Report: Unqualified `parse_ident()` in SECURITY DEFINER Function (CVE-2025-31480 Variant)

Metadata

  • Target: Aiven for PostgreSQL (Tier 2)
  • Target Location: Aiven for PostgreSQL
  • Target Category: Other
  • VRT: Server Security Misconfiguration > Database Management System (DBMS) Misconfiguration > Excessively Privileged User / DBA
  • Priority: P4 (Suggested)
  • Bug URL: https://github.com/aiven/aiven-extras/blob/main/sql/aiven_extras.sql

Title

Incomplete Remediation of CVE-2025-31480: Unqualified parse_ident() Call in aiven_extras.pg_create_publication() SECURITY DEFINER Function

Summary

The aiven_extras.pg_create_publication() SECURITY DEFINER function (owner: postgres, runs with superuser privileges) calls parse_ident() without the pg_catalog. schema prefix.

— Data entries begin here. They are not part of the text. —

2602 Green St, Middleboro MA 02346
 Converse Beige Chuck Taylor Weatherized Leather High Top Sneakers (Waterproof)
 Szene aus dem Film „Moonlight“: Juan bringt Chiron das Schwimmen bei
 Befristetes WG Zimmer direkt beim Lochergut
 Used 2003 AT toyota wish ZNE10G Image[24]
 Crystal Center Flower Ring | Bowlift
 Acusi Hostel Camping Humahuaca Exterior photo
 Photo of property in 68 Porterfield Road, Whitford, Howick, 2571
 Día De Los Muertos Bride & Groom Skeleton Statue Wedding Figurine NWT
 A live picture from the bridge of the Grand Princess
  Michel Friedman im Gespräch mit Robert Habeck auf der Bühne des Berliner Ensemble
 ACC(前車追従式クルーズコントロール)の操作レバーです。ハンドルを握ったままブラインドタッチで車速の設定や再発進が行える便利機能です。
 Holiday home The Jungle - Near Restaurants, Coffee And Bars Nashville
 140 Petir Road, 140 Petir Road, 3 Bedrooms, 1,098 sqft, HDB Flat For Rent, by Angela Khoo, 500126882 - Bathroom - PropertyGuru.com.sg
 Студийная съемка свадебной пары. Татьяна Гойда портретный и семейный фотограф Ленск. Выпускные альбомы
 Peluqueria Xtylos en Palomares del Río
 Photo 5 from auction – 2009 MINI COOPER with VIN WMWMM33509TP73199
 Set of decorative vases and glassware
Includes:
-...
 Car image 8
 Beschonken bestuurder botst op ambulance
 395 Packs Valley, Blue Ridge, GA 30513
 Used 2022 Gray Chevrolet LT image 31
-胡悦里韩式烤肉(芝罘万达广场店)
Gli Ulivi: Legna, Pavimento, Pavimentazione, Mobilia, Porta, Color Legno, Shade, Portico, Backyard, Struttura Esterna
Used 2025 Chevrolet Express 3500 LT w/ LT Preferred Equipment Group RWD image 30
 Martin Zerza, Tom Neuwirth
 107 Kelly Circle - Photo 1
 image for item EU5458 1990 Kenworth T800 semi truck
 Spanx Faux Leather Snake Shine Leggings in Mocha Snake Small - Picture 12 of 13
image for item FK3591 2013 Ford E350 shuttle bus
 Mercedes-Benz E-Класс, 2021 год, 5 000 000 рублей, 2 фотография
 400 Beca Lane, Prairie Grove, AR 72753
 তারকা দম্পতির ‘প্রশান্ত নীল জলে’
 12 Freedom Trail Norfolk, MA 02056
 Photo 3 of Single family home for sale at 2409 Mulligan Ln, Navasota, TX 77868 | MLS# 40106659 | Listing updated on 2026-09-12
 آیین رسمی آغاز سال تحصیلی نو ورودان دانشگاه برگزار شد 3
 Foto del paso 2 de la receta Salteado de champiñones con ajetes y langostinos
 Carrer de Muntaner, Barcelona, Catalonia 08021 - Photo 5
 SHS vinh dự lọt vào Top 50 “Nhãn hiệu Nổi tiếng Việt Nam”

This is the same vulnerability class as CVE-2025-31480 (unqualified function calls in SECURITY DEFINER functions enabling search_path hijacking) and CVE-2023-32305.

While parse_ident() is a built-in function residing in pg_catalog (which is always searched first regardless of search_path), this represents incomplete hardening: every other function call in the aiven_extras SECURITY DEFINER functions is explicitly schema-qualified with pg_catalog., making this omission inconsistent with the security pattern established after CVE-2025-31480.

Root Cause

In aiven_extras.pg_create_publication(), line ~501 of aiven_extras.sql:

CREATE OR REPLACE FUNCTION aiven_extras.pg_create_publication(
 arg_publication_name text, arg_publish text,
 VARIADIC arg_tables text[] DEFAULT ARRAY[]::text[])
 RETURNS void
 LANGUAGE plpgsql
 SECURITY DEFINER
 SET search_path TO 'pg_catalog'
AS $function$
DECLARE
 l_ident TEXT;
 l_parsed_ident TEXT[];
 -- ...
BEGIN
 -- ...
 FOREACH l_ident IN ARRAY arg_tables LOOP
 l_parsed_ident = parse_ident(l_ident); -- UNQUALIFIED: should be pg_catalog.parse_ident()
 -- ...
 END LOOP;
 -- ...
END;
$function$

For comparison, every other function call in the same function and across all other SECURITY DEFINER functions in aiven_extras 1.1.18 uses explicit schema qualification: - pg_catalog.format(...) - pg_catalog.array_length(...) - pg_catalog.left(...) - pg_catalog.current_setting(...) - pg_catalog.current_database() - pg_catalog.set_config(...)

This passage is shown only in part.